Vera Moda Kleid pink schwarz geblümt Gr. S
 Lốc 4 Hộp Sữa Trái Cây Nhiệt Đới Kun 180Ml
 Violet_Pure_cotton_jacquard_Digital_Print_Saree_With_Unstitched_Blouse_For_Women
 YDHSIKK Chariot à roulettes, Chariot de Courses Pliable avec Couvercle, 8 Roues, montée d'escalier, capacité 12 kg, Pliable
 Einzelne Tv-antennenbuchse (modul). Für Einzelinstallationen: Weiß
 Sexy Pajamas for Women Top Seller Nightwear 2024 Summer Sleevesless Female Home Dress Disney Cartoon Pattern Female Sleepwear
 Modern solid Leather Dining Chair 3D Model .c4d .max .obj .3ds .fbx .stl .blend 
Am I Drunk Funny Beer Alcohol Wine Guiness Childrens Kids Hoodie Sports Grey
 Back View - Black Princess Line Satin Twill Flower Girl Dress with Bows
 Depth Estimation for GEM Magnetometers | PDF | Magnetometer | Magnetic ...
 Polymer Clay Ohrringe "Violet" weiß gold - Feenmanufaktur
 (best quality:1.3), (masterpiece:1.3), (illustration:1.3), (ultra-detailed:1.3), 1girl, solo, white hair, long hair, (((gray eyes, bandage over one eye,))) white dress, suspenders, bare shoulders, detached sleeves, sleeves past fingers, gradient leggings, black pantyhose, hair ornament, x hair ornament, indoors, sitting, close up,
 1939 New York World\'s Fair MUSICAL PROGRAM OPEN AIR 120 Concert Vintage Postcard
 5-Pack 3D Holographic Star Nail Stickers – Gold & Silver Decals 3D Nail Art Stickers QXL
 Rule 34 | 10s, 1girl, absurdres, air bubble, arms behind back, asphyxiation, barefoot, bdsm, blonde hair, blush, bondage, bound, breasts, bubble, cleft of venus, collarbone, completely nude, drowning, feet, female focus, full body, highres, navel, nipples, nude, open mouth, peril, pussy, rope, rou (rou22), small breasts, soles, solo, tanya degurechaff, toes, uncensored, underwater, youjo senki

§

# EXERCISE:
Each entry above is to be set down again in exactly the same words.

# EXERCISE ANSWER:
Vera Moda Kleid pink schwarz geblümt Gr. S
 Lốc 4 Hộp Sữa Trái Cây Nhiệt Đới Kun 180Ml
 Violet_Pure_cotton_jacquard_Digital_Print_Saree_With_Unstitched_Blouse_For_Women
 YDHSIKK Chariot à roulettes, Chariot de Courses Pliable avec Couvercle, 8 Roues, montée d'escalier, capacité 12 kg, Pliable
 Einzelne Tv-antennenbuchse (modul). Für Einzelinstallationen: Weiß
 Sexy Pajamas for Women Top Seller Nightwear 2024 Summer Sleevesless Female Home Dress Disney Cartoon Pattern Female Sleepwear
 Modern solid Leather Dining Chair 3D Model .c4d .max .obj .3ds .fbx .stl .blend 
Am I Drunk Funny Beer Alcohol Wine Guiness Childrens Kids Hoodie Sports Grey
 Back View - Black Princess Line Satin Twill Flower Girl Dress with Bows
 Depth Estimation for GEM Magnetometers | PDF | Magnetometer | Magnetic ...
 Polymer Clay Ohrringe "Violet" weiß gold - Feenmanufaktur
 (best quality:1.3), (masterpiece:1.3), (illustration:1.3), (ultra-detailed:1.3), 1girl, solo, white hair, long hair, (((gray eyes, bandage over one eye,))) white dress, suspenders, bare shoulders, detached sleeves, sleeves past fingers, gradient leggings, black pantyhose, hair ornament, x hair ornament, indoors, sitting, close up,
 1939 New York World\'s Fair MUSICAL PROGRAM OPEN AIR 120 Concert Vintage Postcard
 5-Pack 3D Holographic Star Nail Stickers – Gold & Silver Decals 3D Nail Art Stickers QXL
 Rule 34 | 10s, 1girl, absurdres, air bubble, arms behind back, asphyxiation, barefoot, bdsm, blonde hair, blush, bondage, bound, breasts, bubble, cleft of venus, collarbone, completely nude, drowning, feet, female focus, full body, highres, navel, nipples, nude, open mouth, peril, pussy, rope, rou (rou22), small breasts, soles, solo, tanya degurechaff, toes, uncensored, underwater, youjo senki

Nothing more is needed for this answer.